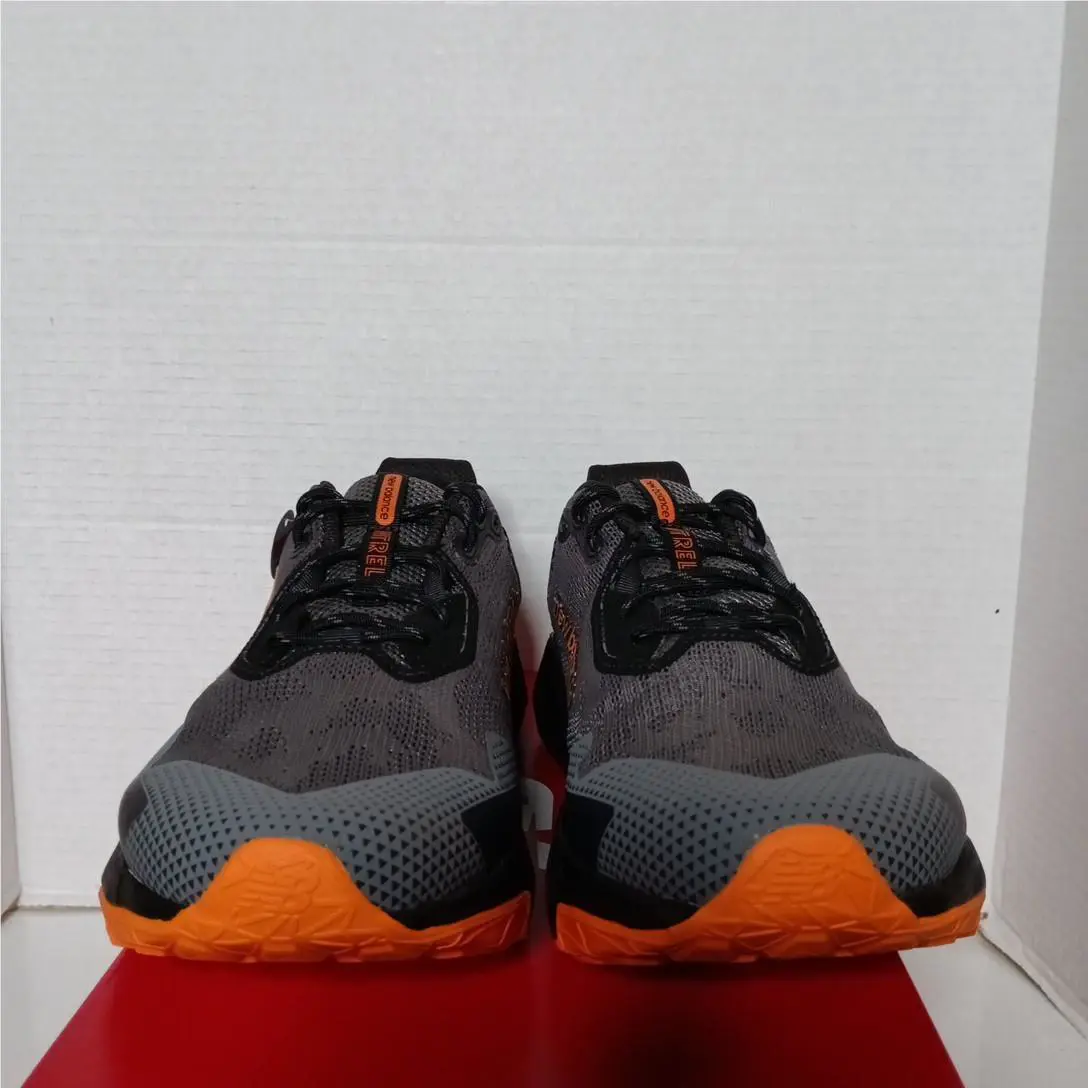 New Balance shoes - New Balance Dynasoft Nitrel v6 - MTNTRCS6 - Gray 0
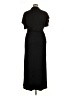 Halogen Black Casual Dress Size XL - photo 2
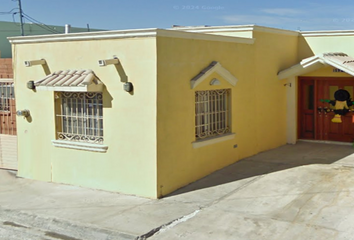 Casa en  Electricistas, Nuevo Laredo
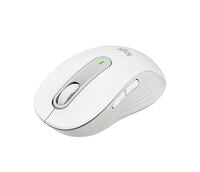 Rato Logitech Signature M650 Wireless Branco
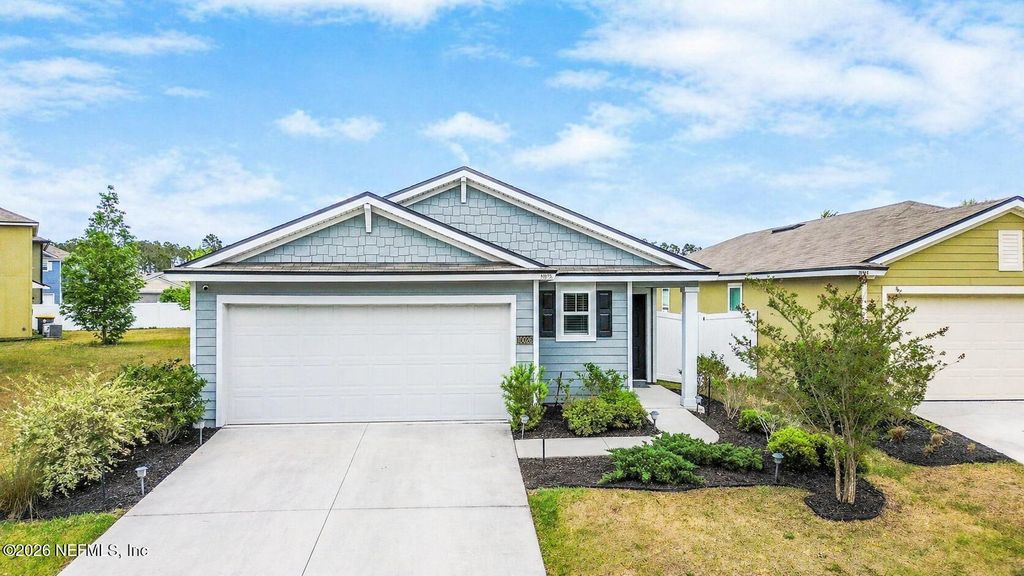 10026 SITTING FOX Drive, Jacksonville, FL 32222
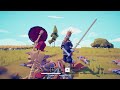 #Totally Accurate Battle Simulator# whatever faction they use i can't use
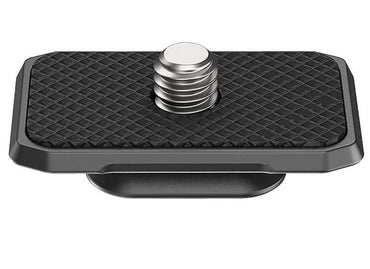[CLEARANCE] UURig by Ulanzi R081 Hummingbird Quick Release Mount Upper Cover for Quick Release Seat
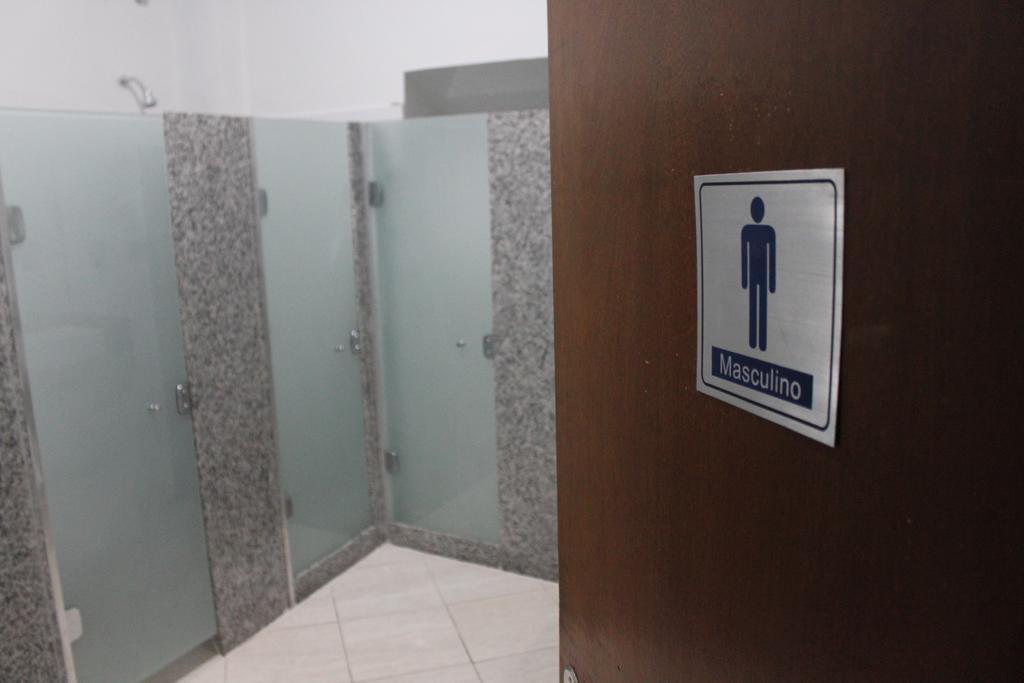 Hostel By Hotel Galicia Rio de Janeiro Ngoại thất bức ảnh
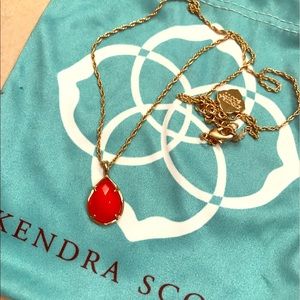Kendra Scott Necklace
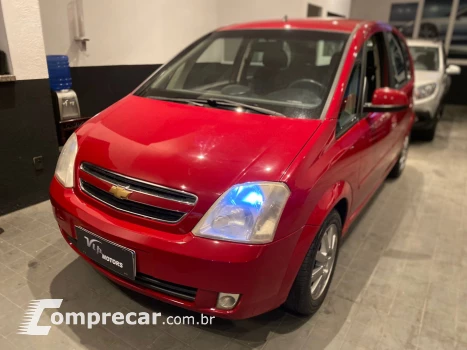 MERIVA 1.8 MPFI Premium 8V
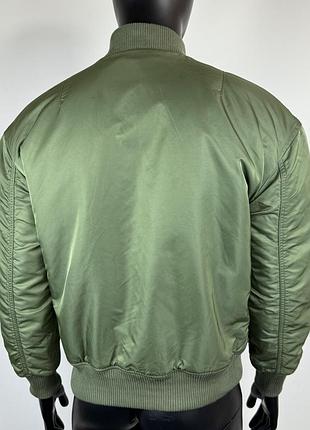 Куртка/бомбер alpha industries 5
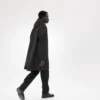 Manteau Monitor pour homme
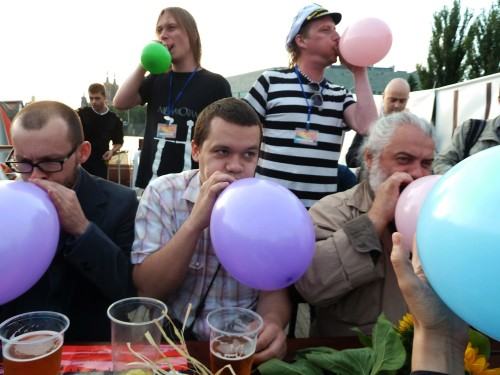 ’’FLAGI SZTUKI’’ ’’FLAGI SZTUKI’’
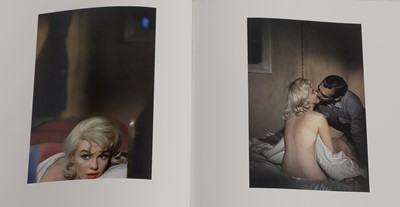 Lot 122 - Eve Arnold (American, 1912-2012)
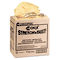 Chix Stretch n Dust Dusters, Cloth, 23-1/4 x 24, Orange/Yellow, 20/Bag, 5/Carton CHI0416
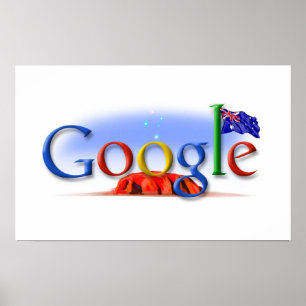 Póster australia_day2005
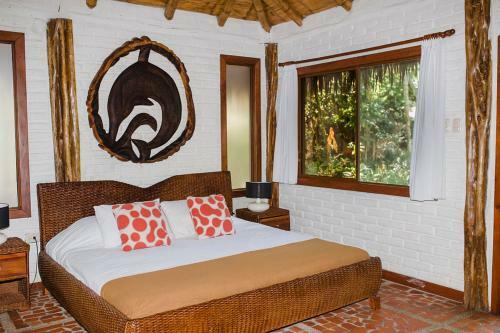 El Campito Art Lodge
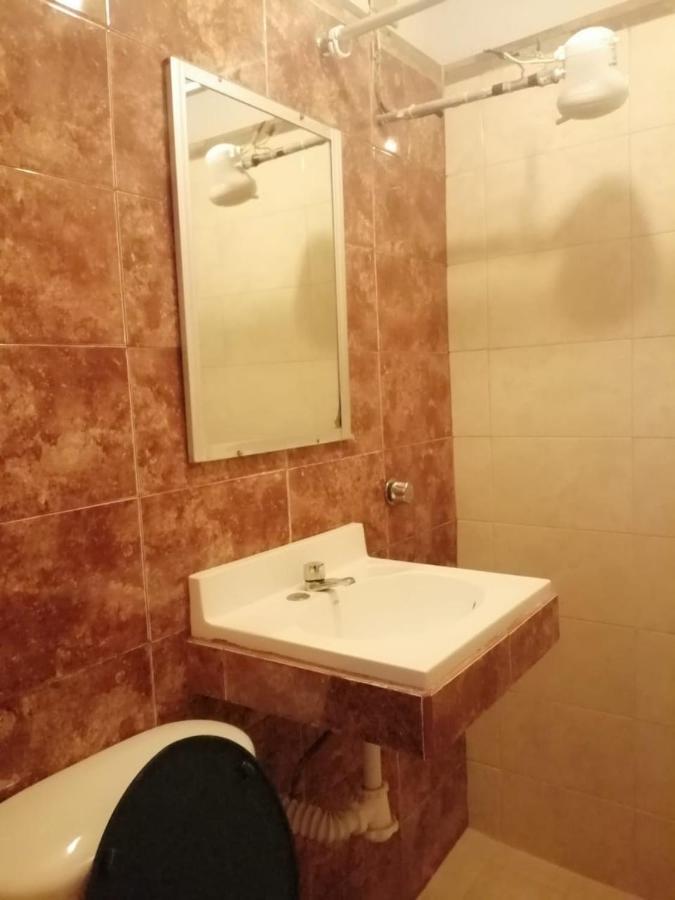 Hotel Puerto Viejo Mazatlan Luaran gambar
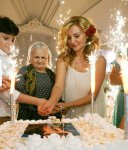 Медина Мелик провела праздничный творческий вечер (ФОТО)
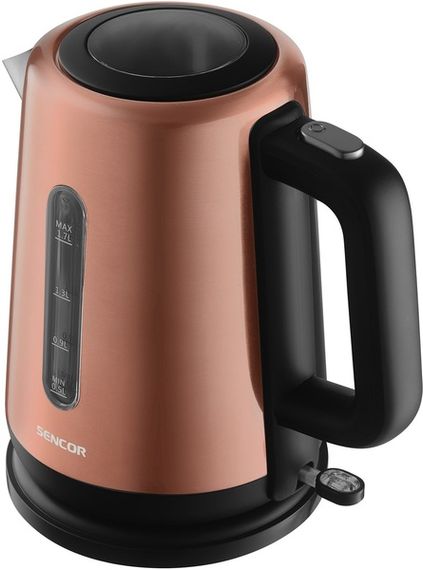 Електрочайник Sencor SWK 1752CO | Зображення 1
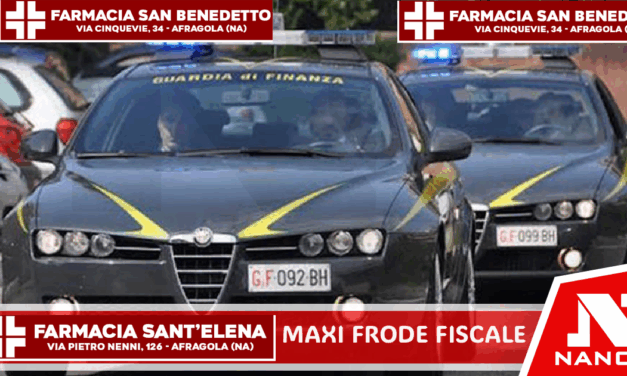 Maxi frode fiscale nel settore dei pellami: 48 indagati. Ci sono tre casertani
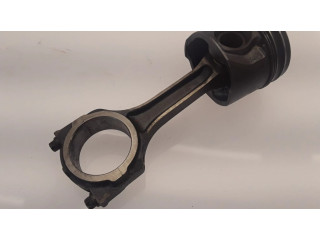 Píst 24655B   Ford Mondeo Mk III  pro naftový motor 2.0  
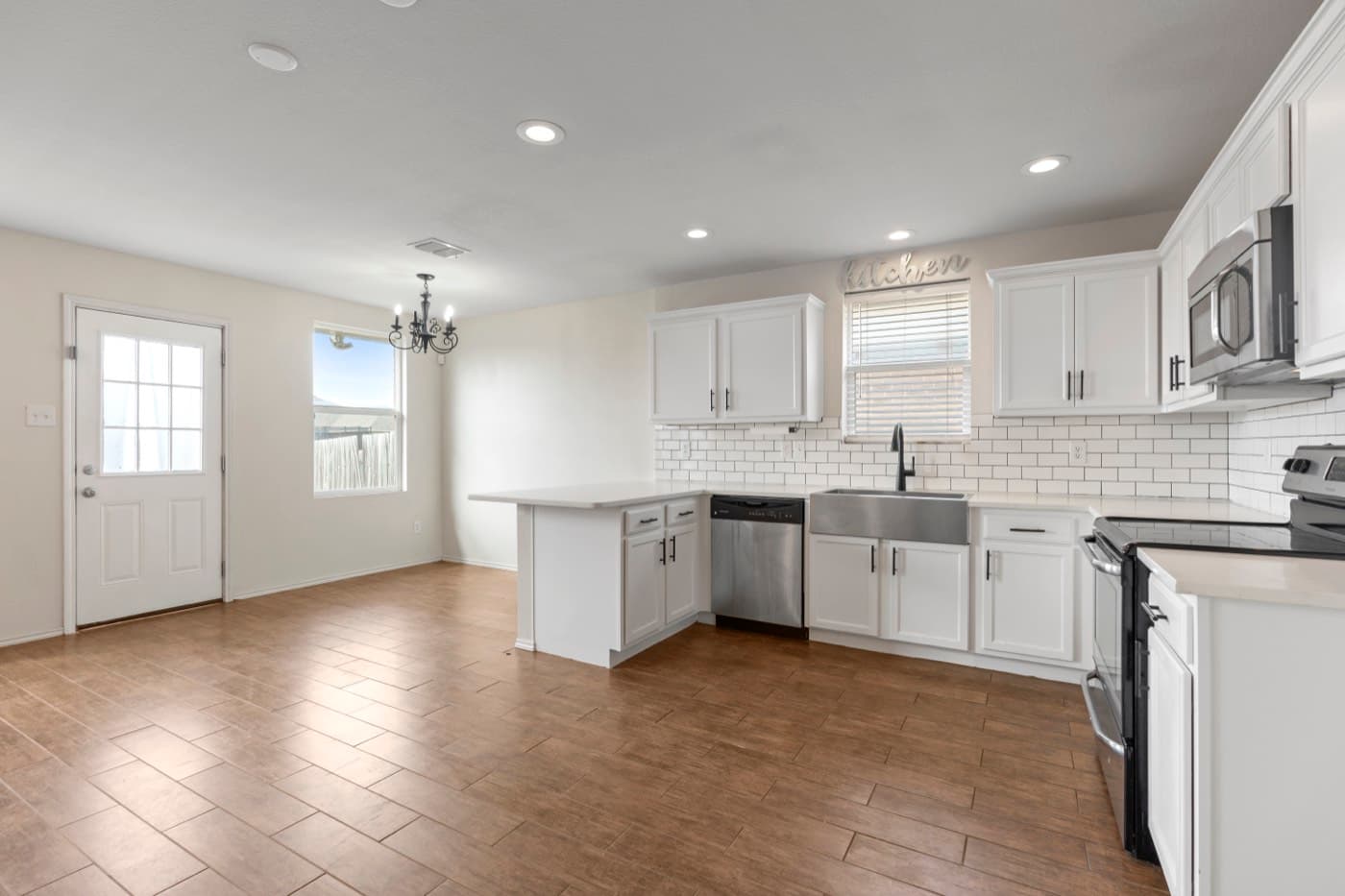 2909 Misty Way Dr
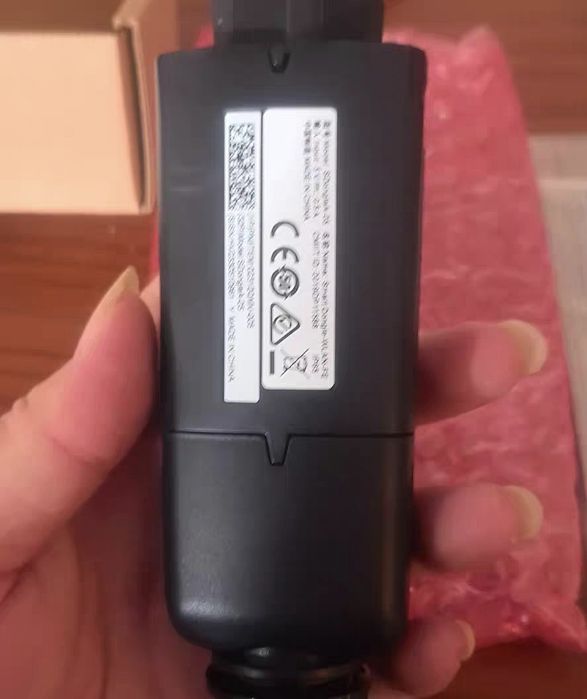 Wi-Fi-модем Huawei SDongleA-05
Інвертор-датчик Huawei, Wi-Fi-модем SDongleA-05, WLAN-FE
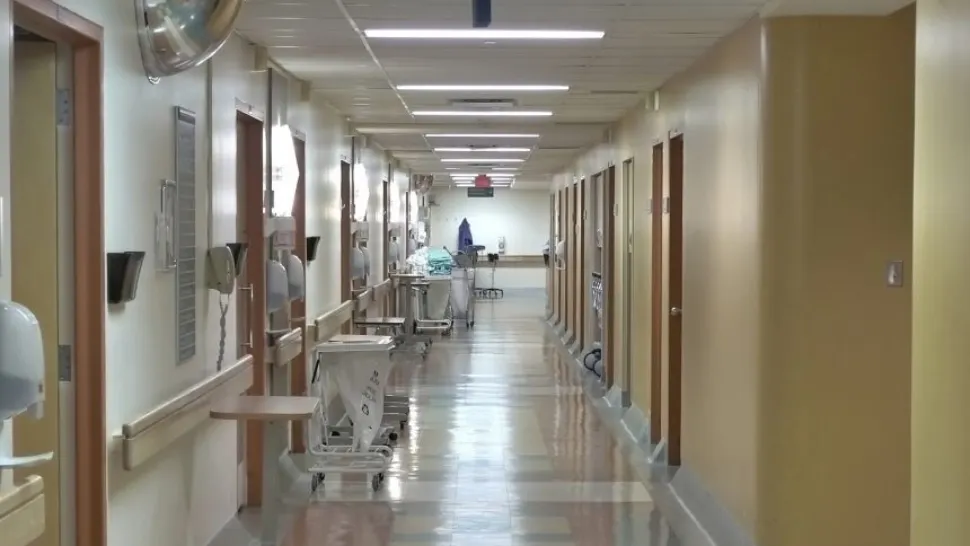 Hol spital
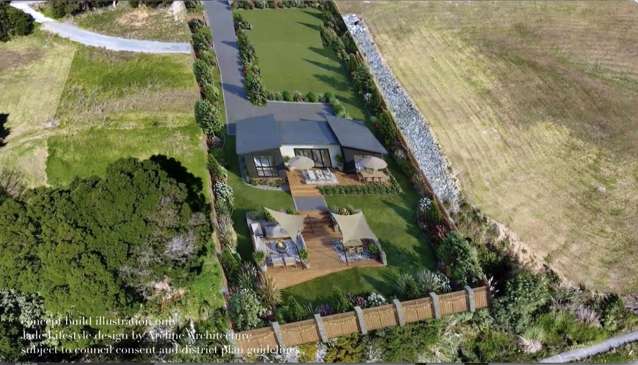 13 Coachmans Way Cable Bay_3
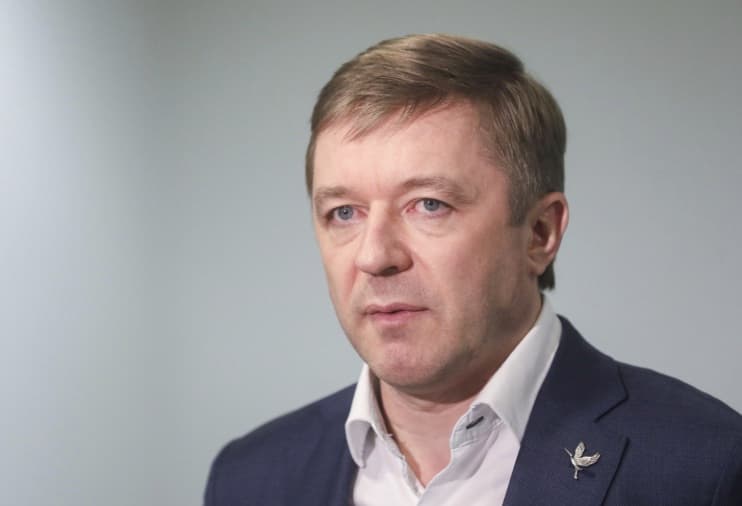 Žaliųjų valstiečių lyderis apie pedofilijos ir žudymų istoriją: „Kuo mažiau politikai kišis į tą procesą, tuo geriau bus pačiam procesui. Tai ne mūsų reikalas, tai – teisėsaugos reikalas“
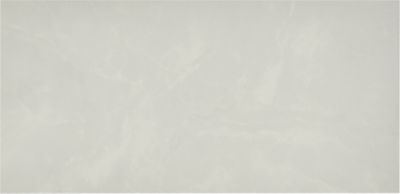 Nuovo Noor White Matte Porcelain Large Format Wall and Floor Tile - 12 x 24 in.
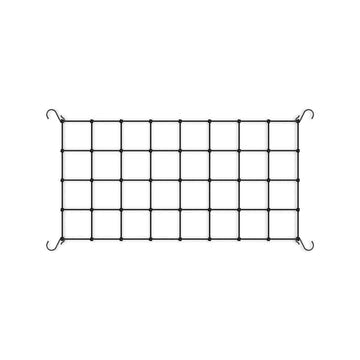 AC Infinity Grow Tent Trellis Netting - Elastyczna siatka podporowa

***

# [Exercise objective]
Would you reproduce the lines above, from the very first through the line containing "Kendra Scott Necklace", exactly and without the pictures?

# [Problem solution]
 New Balance shoes - New Balance Dynasoft Nitrel v6 - MTNTRCS6 - Gray 0
 Halogen Black Casual Dress Size XL - photo 2
 Casa en  Electricistas, Nuevo Laredo
 Rato Logitech Signature M650 Wireless Branco
 10026 SITTING FOX Drive, Jacksonville, FL 32222
 #Totally Accurate Battle Simulator# whatever faction they use i can't use
[CLEARANCE] UURig by Ulanzi R081 Hummingbird Quick Release Mount Upper Cover for Quick Release Seat
 Hostel By Hotel Galicia Rio de Janeiro Ngoại thất bức ảnh
Kendra Scott Necklace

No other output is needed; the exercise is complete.